De plus, l’Arabie saoudite, l’un des principaux pays exportateurs de pétrole au monde, a condamné avec véhémence l’attaque israélienne contre l’Iran.

Cela suscite des inquiétudes quant à un conflit plus large, dans lequel l’une des économies les plus puissantes de la région pourrait rejoindre la guerre.

Le Moyen-Orient abrite plus de la moitié des réserves mondiales de pétrole, ce qui le rend vulnérable à toute forme d’escalade.

Le dilemme OPEP+

Les prix du pétrole sont actuellement loin du niveau crucial de 80 dollars le baril.
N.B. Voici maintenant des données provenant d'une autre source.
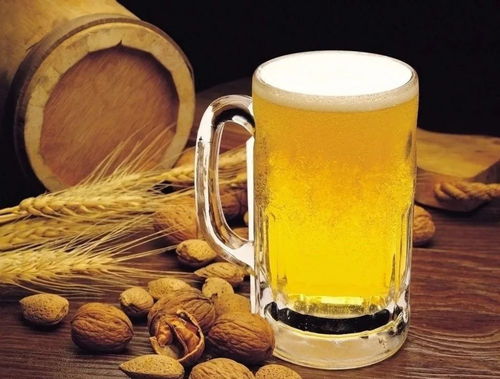 夏日消暑“神器”真的靠譜嗎？西瓜、冰棍、綠豆湯與酒精飲品的陷阱與真相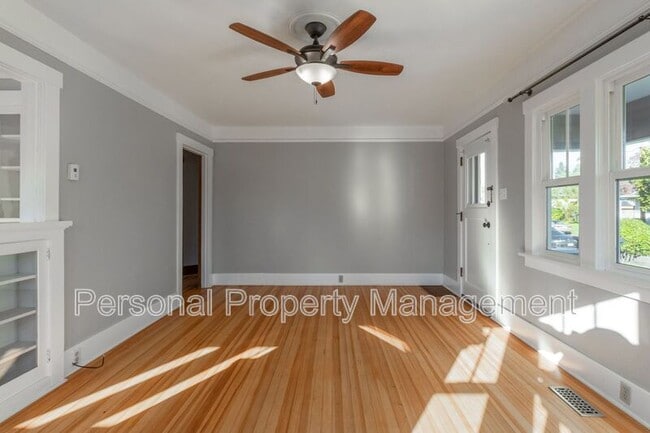 Building Photo - 3100 H St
L'économie de l'OPEP et de ses alliés dépendant fortement des exportations de pétrole brut, le cartel veut des prix supérieurs à 80 dollars le baril, qui est pour eux le seuil de rentabilité.

La chute des prix du pétrole de lundi signifie que la décision de l'alliance OPEP+ d'augmenter la production à partir de décembre devient délicate.

L'Arabie saoudite et l'OPEP+ devraient annuler certaines de leurs réductions volontaires de production de pétrole de décembre pour regagner des parts de marché.

Toutefois, dans le scénario actuel, si les prix continuent de chuter, l’augmentation de la production à partir de décembre pourrait ne pas être dans le meilleur intérêt de l’OPEP.

À l’heure où l’offre hors OPEP est en hausse et où la croissance devrait dépasser la demande l’année prochaine, une production accrue de l’OPEP pourrait encore faire baisser les prix du brut.

Vawda a dit :

Prévisions techniques pour les prix du pétrole

À l’heure actuelle, les analystes estiment qu’en l’absence de primes de risque géopolitiques, le support du pétrole Brent se situe autour de 70 dollars le baril.

« En dessous de cela, nous avons le plus bas YTD juste en dessous de 69,00 à surveiller », a déclaré Vawda.

« Même si j’aimerais que les prix du pétrole se redressent et qu’ils comblent leur écart, je ne suis pas sûr que nous ayons les conditions propices pour cela à l’heure actuelle. »

Quant aux prix du WTI, le support se situe autour de 65 dollars le baril.

Selon Fxempire.com, un mouvement en dessous de 65 $ le baril serait extrêmement négatif.

« Les tensions au Moyen-Orient commencent au moins à s'atténuer un peu, ce qui peut aider, mais en fin de compte, la plus grande préoccupation ici sera la demande », a déclaré Christopher Lewis, auteur chez Fxempire.com, dans un rapport.